Zend Framework 2 ships with a default module autoloader. Zend\Loader\ModuleAutoloader is a specialized autoloader that is responsible for location of, and on-demand loading of, the Module classes from a variety of sources.

Module Autoloader Usage

If you are using the provided Zend\Module\Listener\DefaultListenerAggregate, then it is very simple to set up the module autoloader. You simply need to provide an array of module paths, either absolute or relative to the application's root, for the module autoloader to check when loading modules. The default listener aggregate will take care of instantiating and registering the module autoloader for you.

Keep in mind that in order for paths relative to your application directory to work, you must have the directive chdir(dirname(__DIR__)); in your public/index.php.

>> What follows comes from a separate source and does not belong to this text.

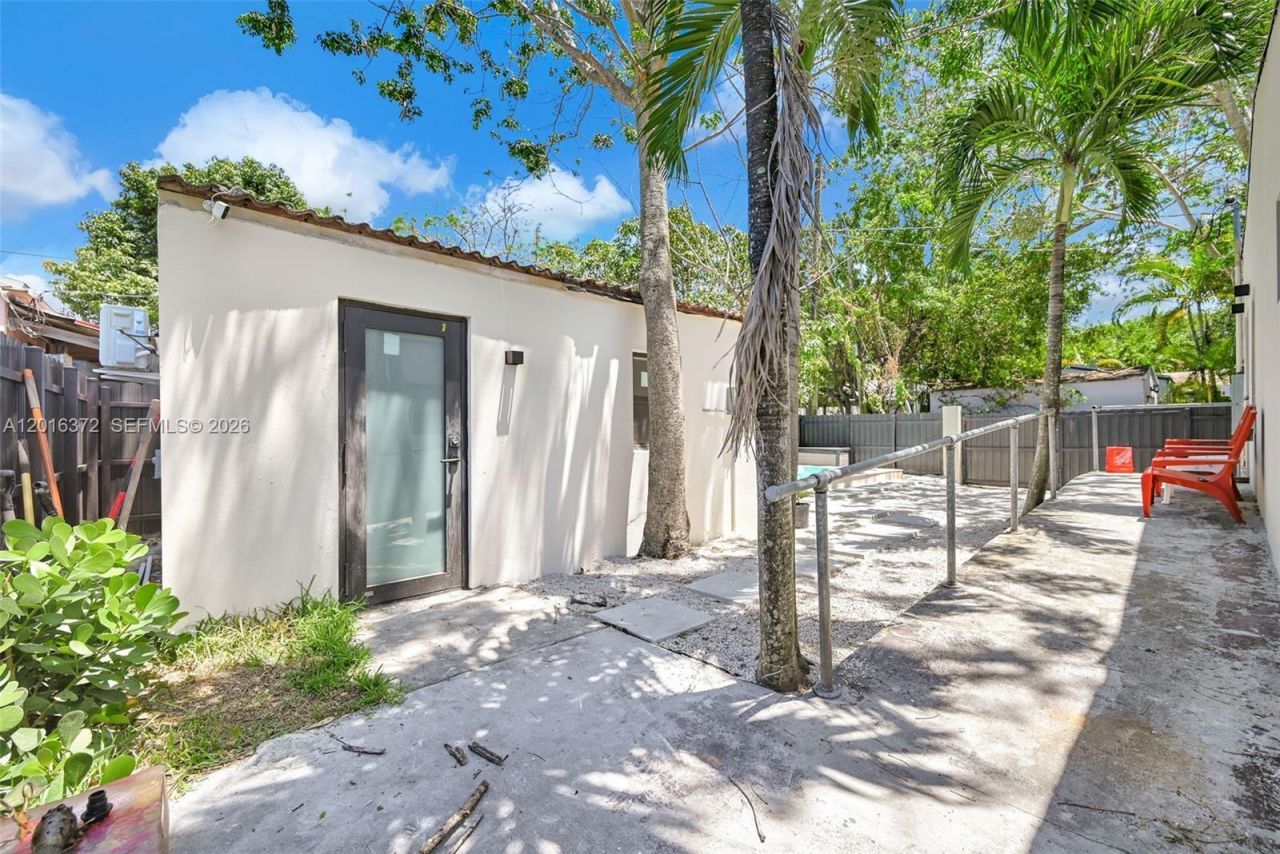 4721 NW 6th Ave , Miami, FL 33127 Photo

Example #1 Registering module paths with the default listener aggregate

The following example will search for modules in three different paths. Two are local directories for this application, and the third is a system-wide shared directory.

// public/index.php
use Zend\Module\Listener,
    Zend\Module\Manager;

chdir(dirname(__DIR__));

// Instantiate and configure the default listener aggregate
$listenerOptions = new Listener\ListenerOptions(array(
    'module_paths' => array(
        './module',
        './vendor',
        '/usr/share/zfmodules',
    )
));
$defaultListeners = new Listener\DefaultListenerAggregate($listenerOptions);

// Instantiate the module manager
$moduleManager = new Manager(array(
    'Application',
    'FooModule',
    'BarModule',
));

// Attach the default listener aggregate and load the modules
$moduleManager->events()->attachAggregate($defaultListeners);
$moduleManager->loadModules();

Note:

Module paths behave very similar to the PHP include path, and are searched in the order they are defined. If you have modules with the same name in more than one registered module path, the module autoloader will return the first one it finds.

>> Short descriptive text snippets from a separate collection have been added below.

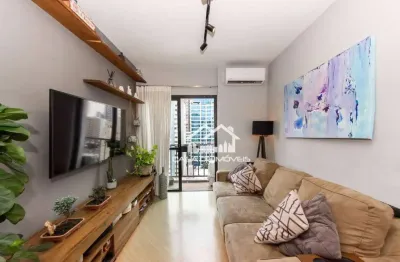 Vende apartamento com 46m², 1 dormitório, com 1 vaga, reformado, em moema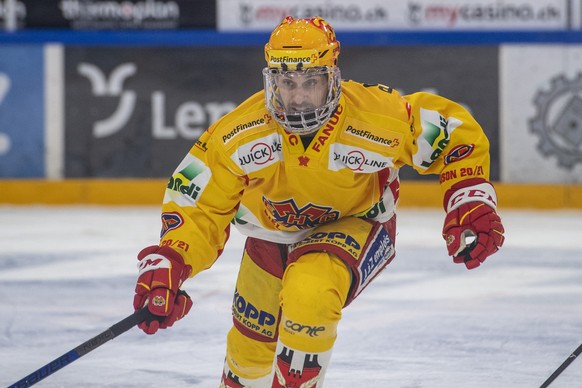 Luca Cunti von Biel beim Eishockey Meisterschaftsspiel in der Qualifikation der National League zwischen dem EV Zug und dem EHC Biel vom Montag, 5. April 2021 in Zug. (KEYSTONE/Urs Flueeler).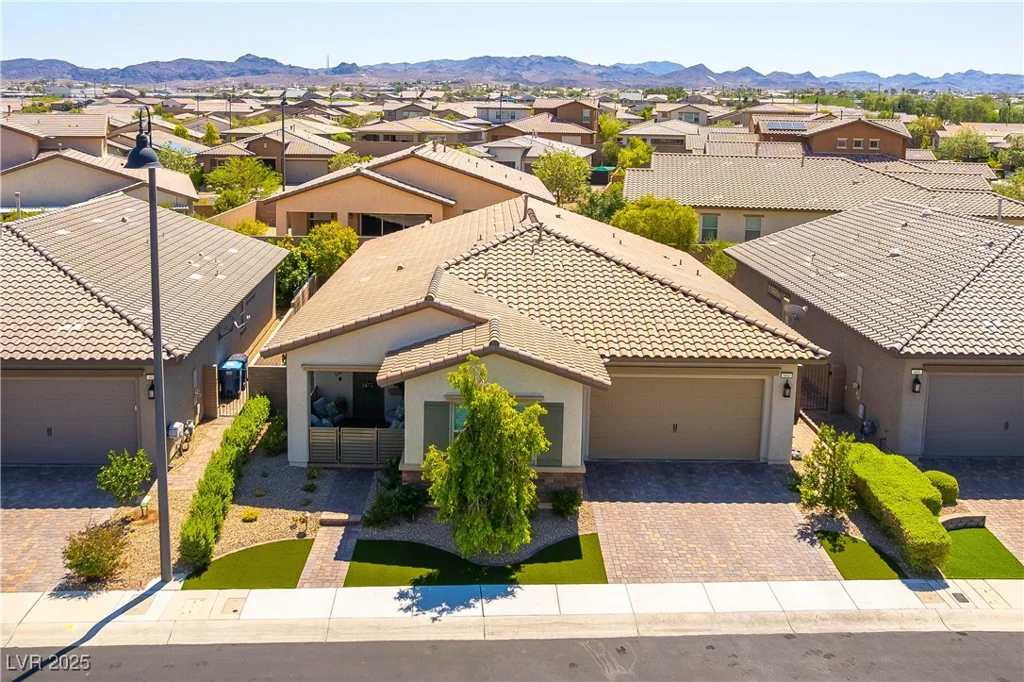 664 Otter Brook, Henderson, NV 89011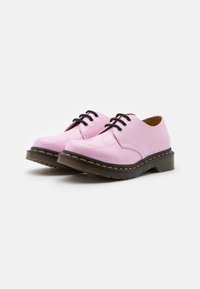 Dr. Martens 1461 - Sapatos de atacadores - pale pink lamper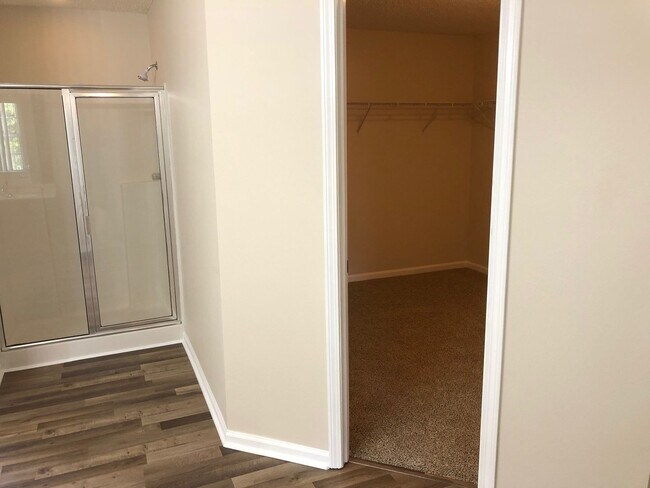 Building Photo - Large 5 Bedroom, 3 Bathroom Single Family ...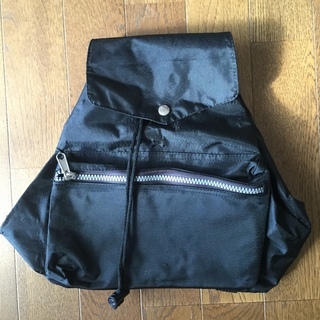 小さめリュックサック黒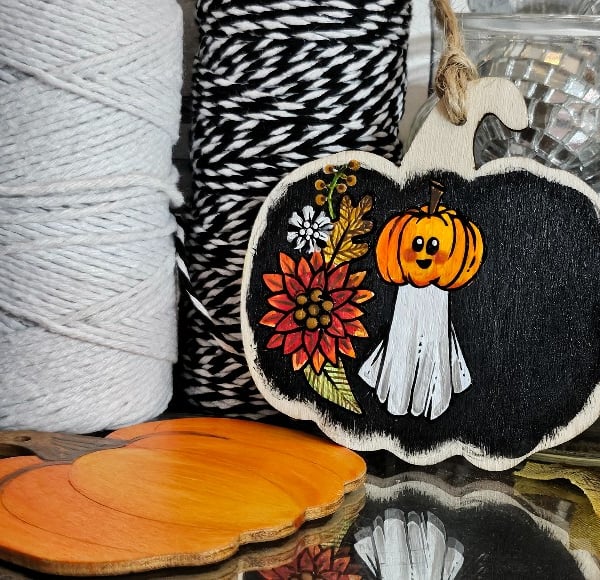 Pumpkin-head Autumn Ghost -Hand-painted hanging decoration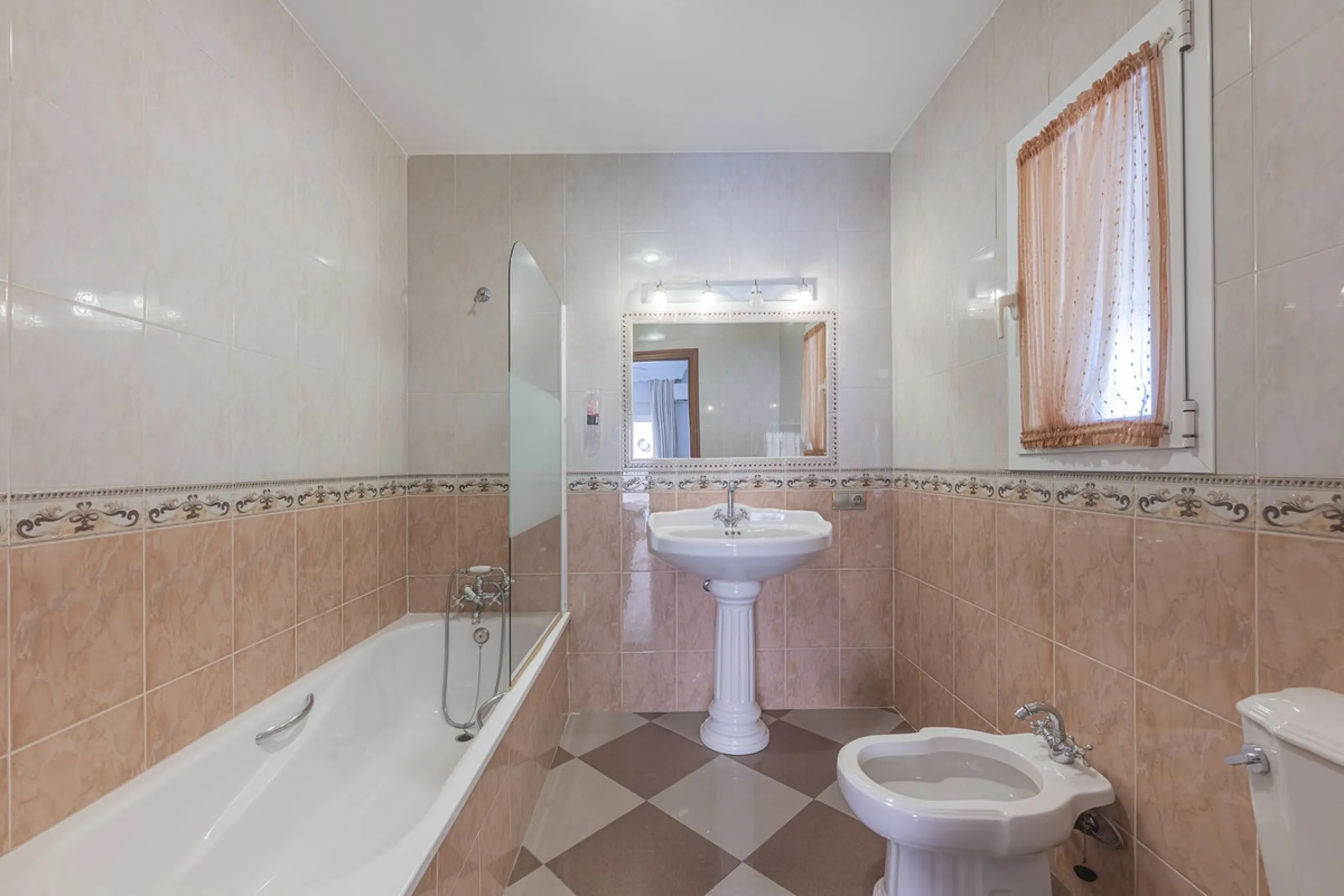 We present an attractive two-storey property combining comfort and functionality, ideal for families or as an investment thanks to the flat on the ground floor ready to rent.
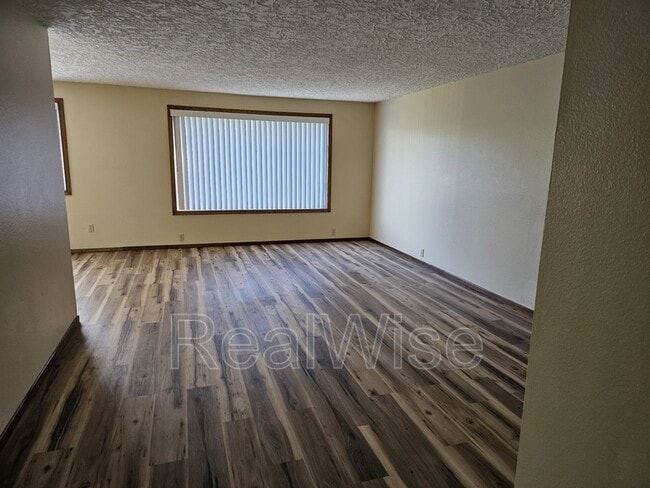 Photo - 11019 NW 33rd Ave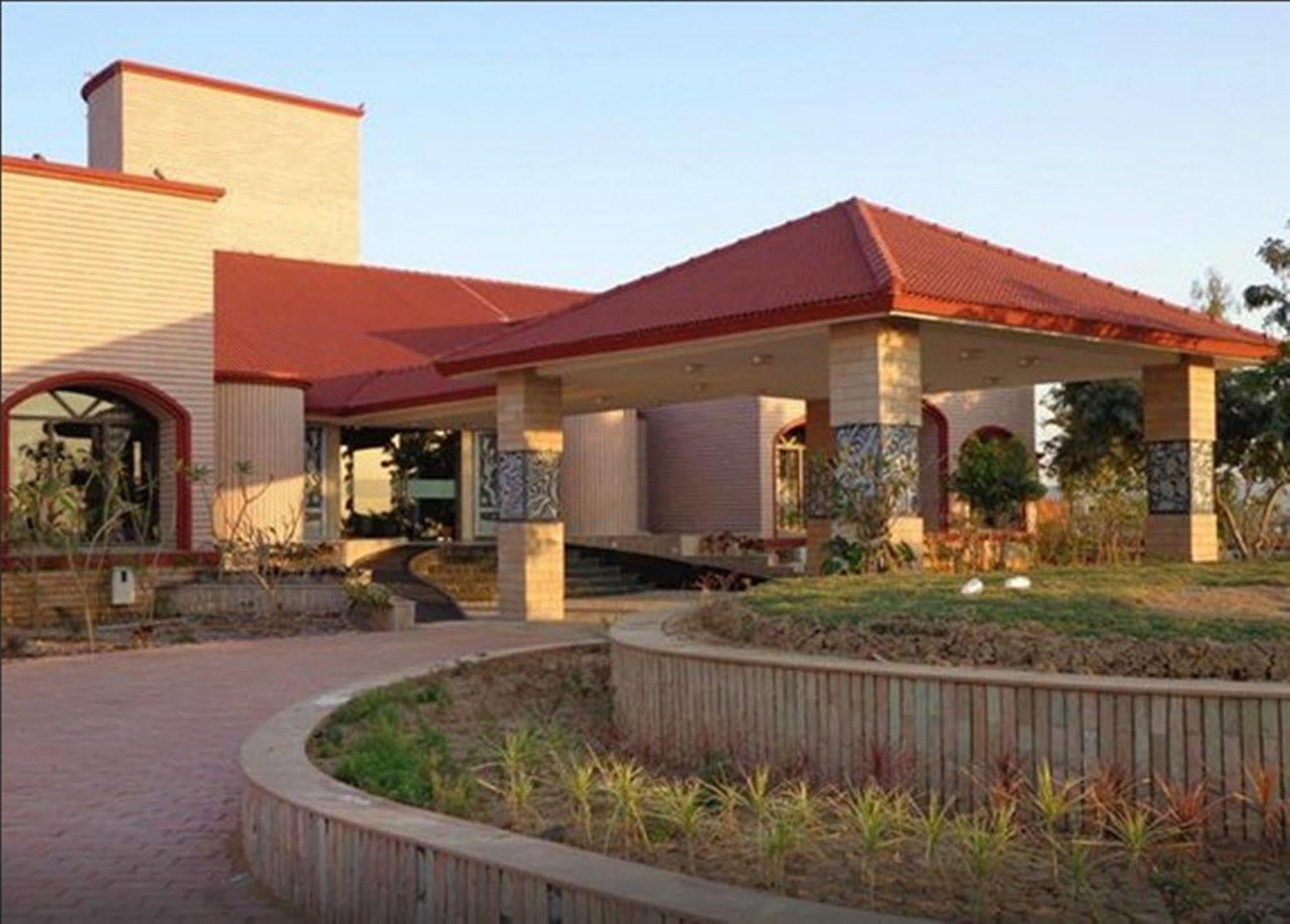 Regenta Resort Bhuj By Royal Orchid Hotels Limited Exterior foto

Non-Standard / Explicit Module Paths

Sometimes you may want to specify exactly where a module is instead of having Zend\Loader\ModuleAutoloader try to find it in the registered paths.

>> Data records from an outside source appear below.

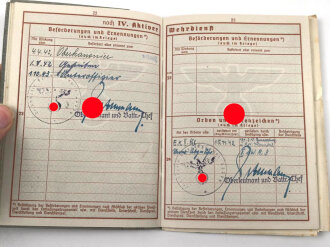 Wehrpaß Heer, eingestellt am 3.10.41 bei Nebel Ersatz Abteilung 4 Bremen.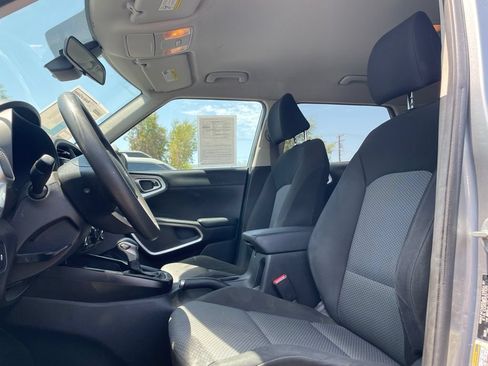 Used 2022 Kia Soul LX w/ Technology Package FWD image 7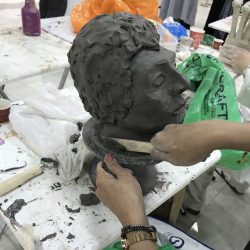 طفلة الـ7 أعوام اغتصبوها ورموها في القمامة
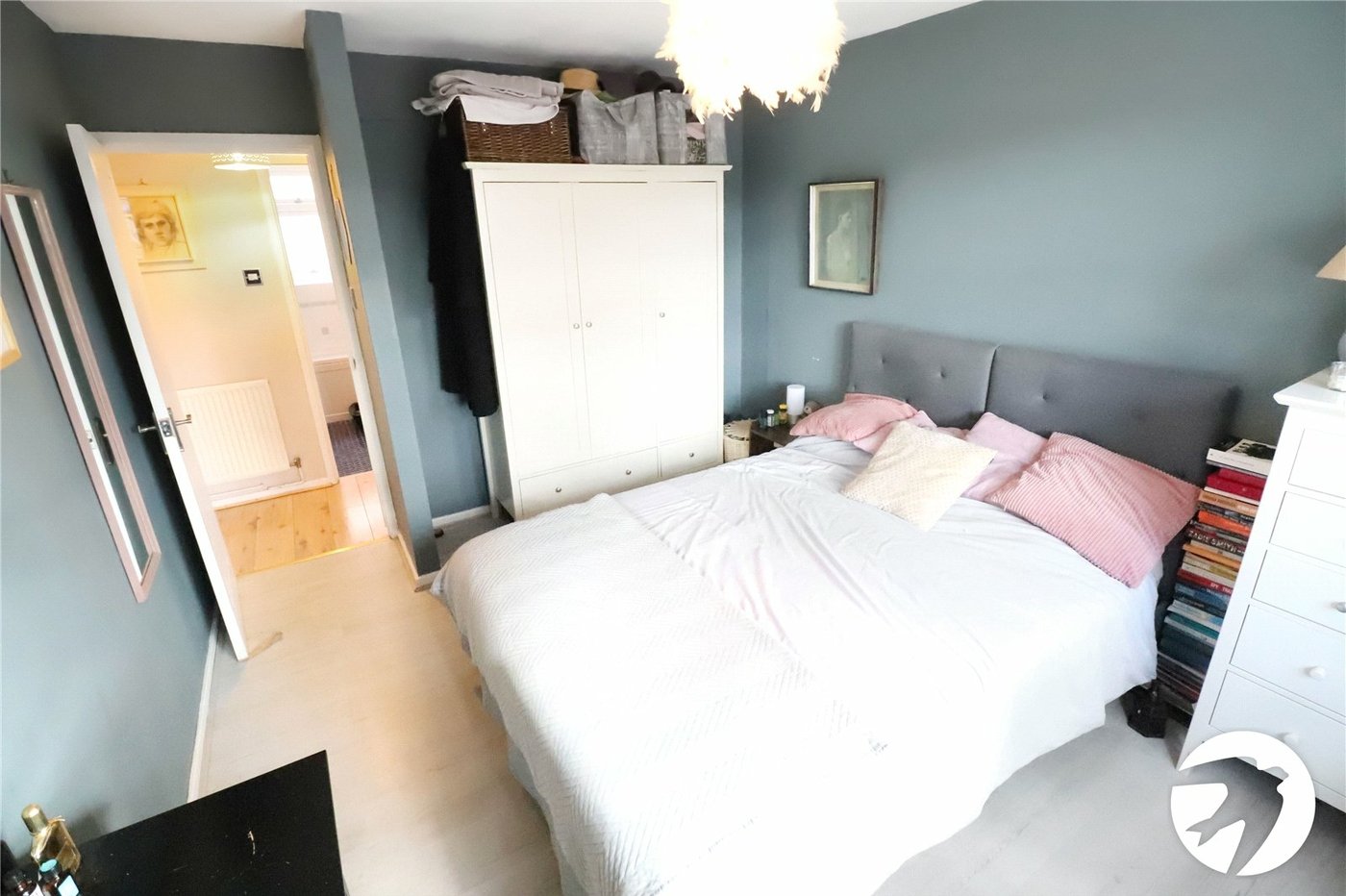 2 bedroom property for sale in Belvedere | Robinson Jackson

Example #2 Registering a Non-Standard / Explicit Module Path

In this example, the autoloader will first check for MyModule\Module in /path/to/mymoduledir-v1.2/Module.php. If it's not found, then it will fall back to searching any other registered module paths.

// ./public/index.php
use Zend\Loader\ModuleAutoloader,
    Zend\Module\Listener,
    Zend\Module\Manager;

chdir(dirname(__DIR__));

// Instantiate and configure the default listener aggregate
$listenerOptions = new Listener\ListenerOptions(array(
    'module_paths' => array(
        './module',
        './vendor',
        '/usr/share/zfmodules',
        'MyModule' => '/path/to/mymoduledir-v1.2',
    )
));
$defaultListeners = new Listener\DefaultListenerAggregate($listenerOptions);

/**
 * Without DefaultListenerAggregate:
 *
 * $moduleAutoloader = new ModuleAutoloader(array(
 *     './module',
 *     './vendor',
 *     '/usr/share/zfmodules',
 *     'MyModule' => '/path/to/mymoduledir-v1.2',
 * ));
 * $moduleAutoloader->register();
 *
 */

// Instantiate the module manager
$moduleManager = new Manager(array(
    'MyModule',
    'FooModule',
    'BarModule',
));

// Attach the default listener aggregate and load the modules
$moduleManager->events()->attachAggregate($defaultListeners);
$moduleManager->loadModules();

This same method works if you provide the path to a phar archive.

Packaging Modules with Phar

If you prefer, you may easily package your module as a » phar archive. The module autoloader is able to autoload modules in the following archive formats: .phar, .phar.gz, .phar.bz2, .phar.tar, .phar.tar.gz, .phar.tar.bz2, .phar.zip, .tar, .tar.gz, .tar.bz2, and .zip.

The easiest way to package your module is to simply tar the module directory. You can then replace the MyModule/ directory with MyModule.tar, and it should still be autoloaded without any additional changes!

Note:

If possible, avoid using any type of compression (bz2, gz, zip) on your phar archives, as it introduces unnecessary CPU overhead to each request.